Article publié dans l'édition Automne 2020 de Gestion

Jean-Jacques Stréliski est l’ancien vice-président et directeur général associé de Publicis Montréal ainsi qu’un des cofondateurs de Cossette Montréal. Il est professeur associé au Département de marketing et responsable pédagogique du DÉSS en communication marketing et marque de HEC Montréal.
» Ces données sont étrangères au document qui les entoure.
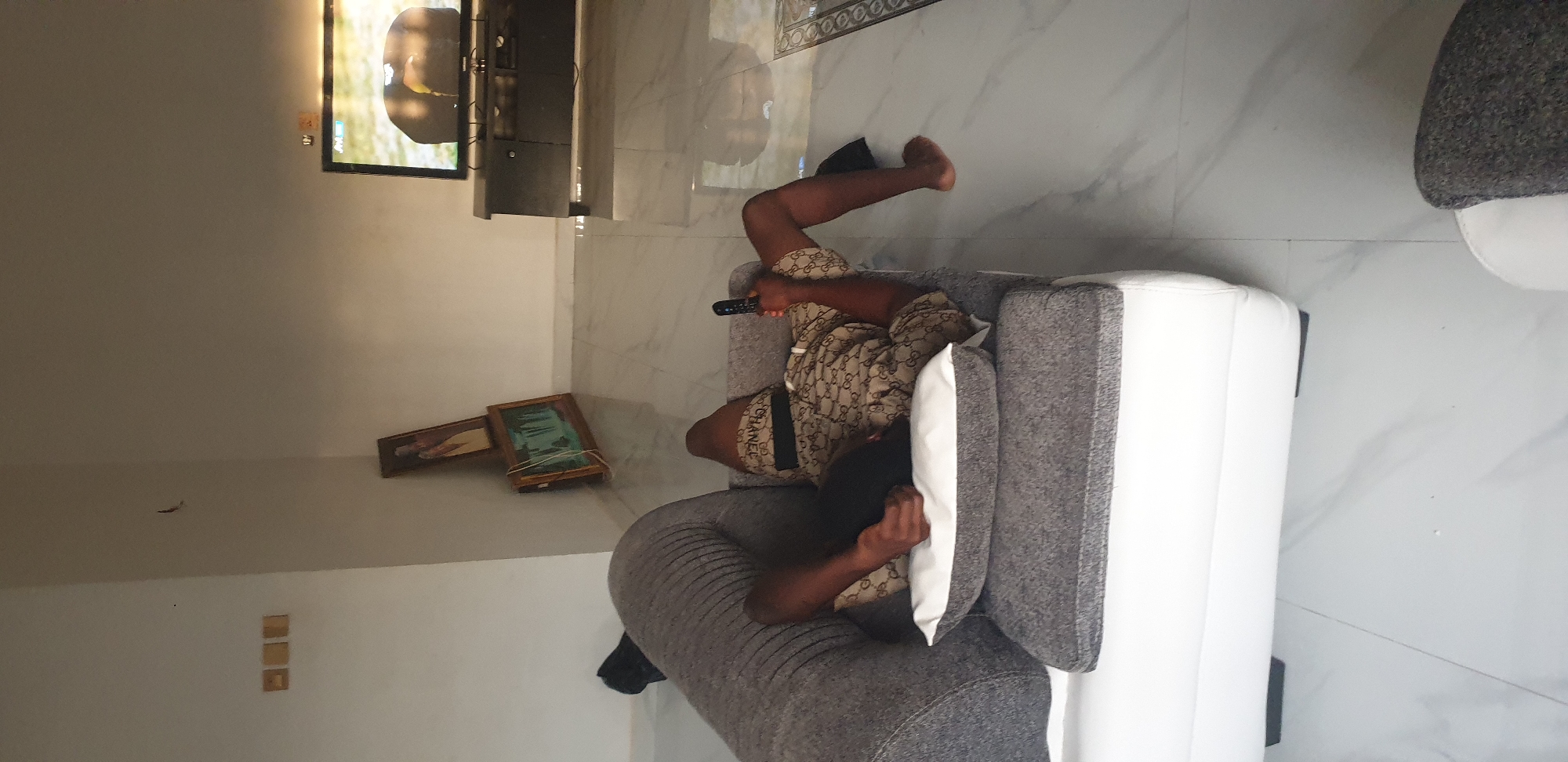 The scene depicts the interior of a residential space located in Narayi, Nigeria. An adult individual with dark skin is positioned on their back on a modern sectional sofa, which features a white base and grey fabric cushions. A grey and white throw pillow supports the person's upper body. The individual is wearing patterned shorts, prominently displaying 'GG' logos and a waistband with 'CHANEL' branding, and is barefoot. Their right hand holds a black television remote control, while their left arm rests on the pillow. The person's legs are bent, with their bare feet positioned over the edge of the sofa.
In the background, a flat-screen television is situated on a dark media cabinet against the far wall. The television screen is illuminated, displaying an image that appears to be a natural outdoor scene featuring an organic form. The flooring throughout the room consists of reflective, light-toned tiles, possibly marble or polished ceramic, exhibiting a subtle veined pattern. A decorative tiled border is visible in the lower right section of the floor. The walls are uniformly light-colored. On the left wall, three identical small, square, light-brown decorative elements are affixed. In the corner of the room, two framed artworks are leaning against the wall; the upper frame contains a vertical portrait, and the lower frame depicts a horizontal landscape, possibly a waterfall. A dark, small object, possibly an insect or debris, is visible on the upper left wall. A dark object, possibly a bag or footwear, rests on the floor near the left side of the sofa.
Dans une vie de prof, tout peut arriver. « J’en ai vu d’autres », entend-on régulièrement de la bouche des plus expérimentés. Eh bien moi, une pandémie qui frappe aussi fort et qui, en 24 heures, entraîne la fermeture de tous les établissements scolaires et universitaires d’un pays, je n’en avais pas encore vécu. Et, de surcroît, à l’orée des fins de session et des périodes d’examens, jamais. Depuis le début de la crise, la réorganisation rapide et la mobilisation de tous les états-majors de notre école font, en apparence, plaisir à voir. À part quelques voix discordantes, la solidarité est de mise dans ce soudain retournement de situation. Tous les instruments de bord sont éteints, mais l’avion vole. On le fera se poser sans trop de dommages.

Le mot d’ordre : s’adapter. Il y a des ratés, bien entendu. Les premiers viennent de l’impossible maîtrise des plateformes technologiques par l’ensemble de la communauté. Il y a surchauffe. On teste en même temps qu’on travaille. Tegrity, Zoom, Via, Teams : on touche à tout. Très vite, chacun fait sa soupe avec ses ingrédients et ses propres savoir-faire. L’université en mode « démerde-toi, on te fait confiance », c’est beau à voir. Un côté « les mains dans le cambouis » qui ne me déplaît pas. Loin de là.

Une préoccupation émerge rapidement : le lien et l’interaction avec les étudiants. Les premières paniques viennent d’eux. On les aurait presque oubliés si un million de courriels ne nous avaient pas rappelé qu’ils étaient les premières victimes de ce confinement social. Rapidement, nous comprenons que si la crise est collective, le succès devra passer par une résolution individuelle. Et voilà que soudain les étudiants ne sont plus des numéros de matricule dans des fichiers Excel mais autant de Stéphanie, Yasmine, Laurence, Arnaud, Hugo ou Jean-Philippe, de Montréal ou de Québec, sans compter ceux de Joliette, de Casablanca, de Bordeaux ou de Toulouse. À chacun, nous répondons ceci : « Je ne suis plus seulement un prof, je suis un vrai prof. » Voilà que je m’occupe de chacun d’eux. Et la grande majorité de mes collègues adopte ces mêmes postures. C’est épuisant, oui, mais c’est valorisant et ça redonne à nos missions un sens originel qu’on a parfois tendance à oublier. Les présentations en ligne devant des clients éloignés et les examens sont – dans leur grande majorité – un succès. L’avion s’est posé. Quelques jours plus tard, toutes corrections effectuées, je reçois par courriel moult remerciements chaleureux. Mes numéros de matricule ont un cœur et une âme. Tout comme leur vieux prof.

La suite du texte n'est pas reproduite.